[
https://issues.apache.org/jira/browse/HDDS-10571?page=com.atlassian.jira.plugin.system.issuetabpanels:comment-tabpanel&focusedCommentId=17838533#comment-17838533
]
Tanvi Penumudy commented on HDDS-10571:
---------------------------------------
After having (re)set the below environment settings on a test cluster, I was
able to get both the *sh* and *fs* commands to work with Chinese character
filenames:
{code:java}
export JAVA_TOOL_OPTIONS="-Dfile.encoding=UTF-8 -Dsun.jnu.encoding=UTF-8"

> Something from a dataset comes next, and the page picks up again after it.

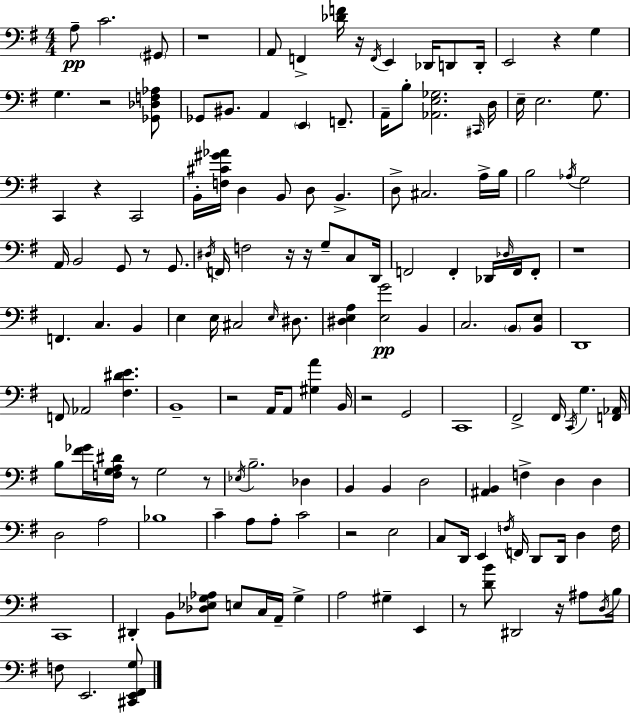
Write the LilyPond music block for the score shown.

localedef -i en_US -f UTF-8 en_US.UTF-8
localedef -i en_US -f UTF-8 en_US.UTF-8
export LANG=en_US.UTF-8
export LC_CTYPE="zh_CN.UTF-8"
export LC_MESSAGES="zh_CN.UTF-8"
export LC_ALL="zh_CN.UTF-8"
locale
LANG=en_US.UTF-8
LC_CTYPE="zh_CN.UTF-8"
LC_NUMERIC="zh_CN.UTF-8"
LC_TIME="zh_CN.UTF-8"
LC_COLLATE="zh_CN.UTF-8"
LC_MONETARY="zh_CN.UTF-8"
LC_MESSAGES="zh_CN.UTF-8"
LC_PAPER="zh_CN.UTF-8"
LC_NAME="zh_CN.UTF-8"
LC_ADDRESS="zh_CN.UTF-8"
LC_TELEPHONE="zh_CN.UTF-8"
LC_MEASUREMENT="zh_CN.UTF-8"
LC_IDENTIFICATION="zh_CN.UTF-8"
LC_ALL=zh_CN.UTF-8
locale charmap
UTF-8
{code}
The above settings ensure that our system has locale files available for both
English (United States) and Chinese (Simplified, China) locales with UTF-8
encoding needed for displaying text in these languages (in the above case).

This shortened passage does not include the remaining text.